A Rookie of the Year honour followed for the young point guard, who had been born and raised in Englewood, one of the most dangerous parts on the south side of the city. He was only beginning to scratch his talented surface.
When Tom Thibodeau took up the reigns in the Windy City, business really began to pick up. Rose would become the youngest ever winner of the regular season MVP award at 22 years of age and drove the Bulls to the top seed in the east for the first time since Jordan's '98 heroics.
Finally, the Bulls had arrived again. Not only did they have a superstar and a leader, but he was one of their own. He was one of the people. An ardent Bulls fan growing up just like the rest of the paying customers that now watched him dazzle the floor.
They would lose in the Eastern Conference Finals that year to a LeBron James-inspired Miami Heat, but they would resume their place at the top of the conference by the end of the next regular season to face the eighth-seeded Philadelphia 76ers in the first round of the playoffs.

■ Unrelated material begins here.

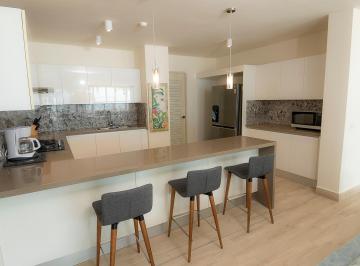 Apartamento · 69m² · 2 Recámaras · 1 Estacionamientos · Venta Apartamento en Olas del Mar, Playa Caracol
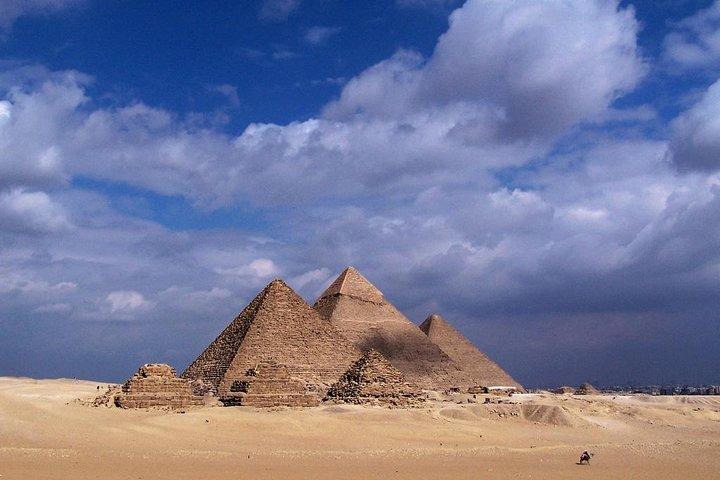 Private Tour to Giza Pyramids, Sphinx, Coptic Cairo and Islamic Cairo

This is where it all went wrong.
Rose had his first injury interrupted season during the 2011-12 campaign as it was, and his production fell from 25 points a night to 21.8 in the 39 times he did manage to suit up.
However, he looked to be back to his fluid best in game one against the Sixers, nearing a triple-double with only 1:22 left on the clock. Disaster struck when an awkward landing resulted in a torn ACL in his left knee which would effectively rob him off the next two years of his career.
The native-son would never replicate his MVP form in the following four years, and after the injury problems continued to build and he entered the final year of his deal, it was time for Chicago to release their son into the wild.
The 27-year-old was traded to the New York Knicks; a historic franchise down on their luck in desperate need of rejuvenation. In some ways, the pairing mirrored each other in fortunes and in turn, renewed optimism.
As one hometown-hero was cast aside and confined to history, another one was welcomed home with open, adoring arms.
Dwyane Wade spent his entire career with the Miami Heat. At 34-years-old, and arguably, one of the greatest shooting guards of all-time, he has played a vital role in making the Heat what they are today.
He played a pivotal part in all three of the organisation's championship wins and, much like Kobe was to the Lakers, he was a symbol of the franchise.
But not anymore. After years of making personal sacrifices for the betterment of Miami, Wade was tired of being overlooked and under-appreciated. In departing South Beach, there was only ever one place the 12-time All-Star wanted to go.
Home. Back to his roots. Back to Chicago.
It's almost easy to forget that the 2006 Finals MVP was born in the south side of Chicago given how synonymous he has become with Miami. But, make no mistake, this is a homecoming with ambitious intent.
It's not some kind of retirement tour; Wade wants to bring a championship to Chi-Town and believes that along with Rajon Rondo and Jimmy Butler, he can do just that.
Given the heartache that led to Rose's demise with his hometown franchise, will the more seasoned, well-travelled hero in Wade return home and breath new life into the city just like his good friend LeBron did for Cleveland?